Slipknot singles chronology
| "Psychosocial" (2008) | "Dead Memories" (2008) | "Sulfur" (2009) |

Music video
- "Dead Memories" on YouTube

= Dead Memories =

2008 single by Slipknot

"Dead Memories" is a song from American heavy metal band Slipknot's fourth album, All Hope Is Gone. It was released on December 1, 2008.

"I had gone through a pretty brutal divorce at that point," explained Corey Taylor. "This [song] was me letting go of a lot of regret and cynical feelings. It was very cathartic… I got a lot out on that album.

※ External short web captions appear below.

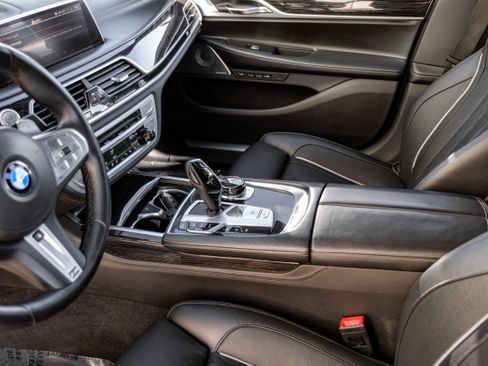 Used 2020 BMW 750i xDrive w/ Executive Package image 24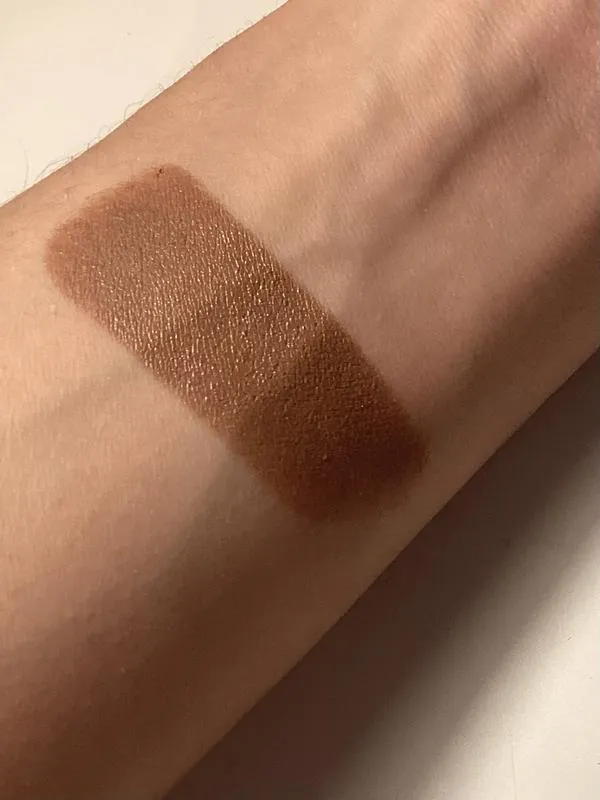 Essence Baby Got Bronze Bronzer Stick 10-Cinnamon Spice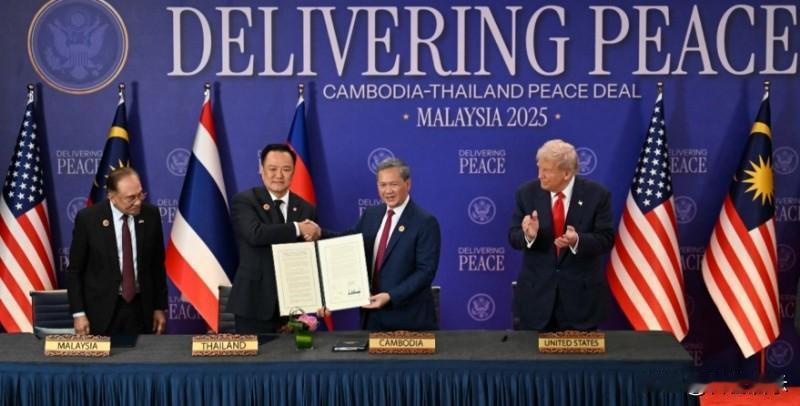 特朗普抵达马来西亚,要求排除中国官员参会,中方回应斩钉截铁!当地时间10月26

Released as the third single from All Hope Is Gone, its video was directed by P. R. Brown and Shawn Crahan. The video premiered on MTV2 on October 25, 2008.

==Music video==
The music video for "Dead Memories" was directed by P. R. Brown. On September 30, 2008, the band's record label Roadrunner Records released a 15-second teaser video on YouTube which featured vocalist Corey Taylor in what appears to be a grave in torrential rain. The video premiered on MTV's Headbangers Ball on October 25, 2008, as part of the Headbangers Ball 20th anniversary special programming. The treatment for the music video was percussionist Shawn Crahan's idea, Crahan calls the video a "short film" and admits it was "very" expensive. Crahan's initial idea was to have several rooms; he introduced the idea to vocalist Corey Taylor who decided what each room would be.

The video starts with Taylor walking from the Iowa State Capitol in downtown Des Moines to a rural area. Taylor walks through empty fields and begins to dig. He seemingly falls through the ground into a room below, now wearing a mask. The room is occupied by turntablist Sid Wilson, crawling on the walls and ceiling. Taylor opens the curtains, only to find the view obscured by earth, suggesting the room is underground. Wilson tries to stop Taylor from leaving the room by grabbing his leg but Taylor manages to escape and enter a second room, occupied by drummer Joey Jordison, who is being assisted and nursed by four women. Taylor spectates the scene, but does not interact with anybody. As Jordison spots Taylor's reflection in a mirror and turns to look at him, the latter enters a third room, occupied by sampler and keyboardist Craig Jones. In this segment, the video's colours are reversed and remain so throughout the scene but Taylor's actions imply that the room itself is either very dark or dimly lit. Taylor walks around Jones, who remains immobile, and inspects his mask, touching one of the nails in it to get any response but to no avail. Jones lights a flare, which temporarily blinds Taylor, who leaves.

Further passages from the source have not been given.